WHAT YOU SHOULD DO: Only these lines of the data below are wanted: the one with "セミロング カラー ブリーチ/アレンジ 天満/chihiroのヘアスタイル", the one with "GRAFFITIONMIND（グラフィティオンマインド）GRAFFITIONMIND (グラフィティオンマインド) MULTI", and any lines between them, each repeated exactly.
Top of PROVIDED DATA
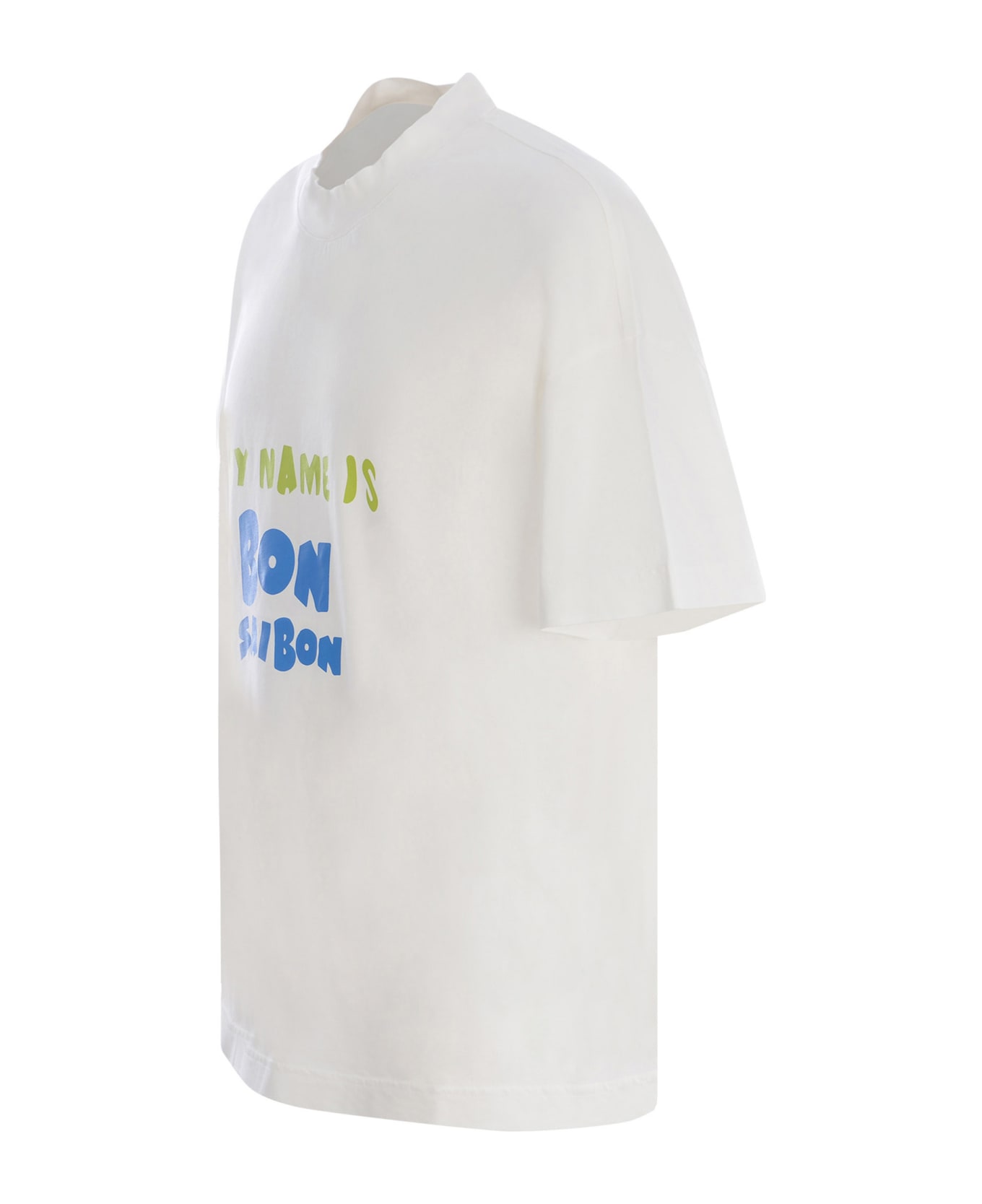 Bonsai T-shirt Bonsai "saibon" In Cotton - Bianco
Bottom of PROVIDED DATA
Top of PROVIDED DATA
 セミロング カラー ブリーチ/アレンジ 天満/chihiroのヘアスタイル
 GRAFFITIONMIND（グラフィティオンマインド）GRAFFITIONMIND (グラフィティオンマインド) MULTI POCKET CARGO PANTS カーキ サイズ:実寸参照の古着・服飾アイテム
Bottom of PROVIDED DATA
Top of PROVIDED DATA
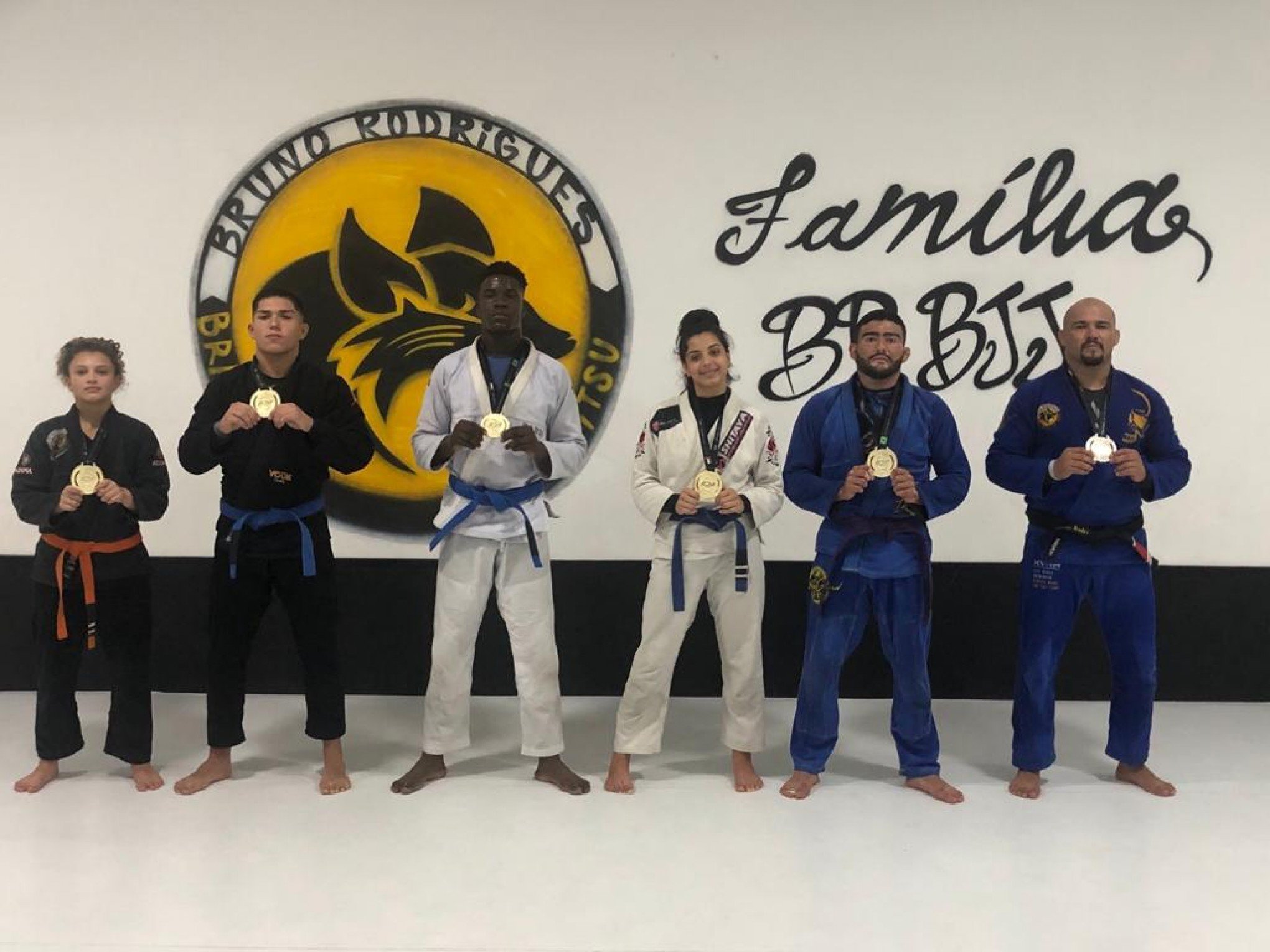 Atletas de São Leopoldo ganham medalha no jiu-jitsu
Bottom of PROVIDED DATA
WRITTEN SOLUTION:
 セミロング カラー ブリーチ/アレンジ 天満/chihiroのヘアスタイル
 GRAFFITIONMIND（グラフィティオンマインド）GRAFFITIONMIND (グラフィティオンマインド) MULTI POCKET CARGO PANTS カーキ サイズ:実寸参照の古着・服飾アイテム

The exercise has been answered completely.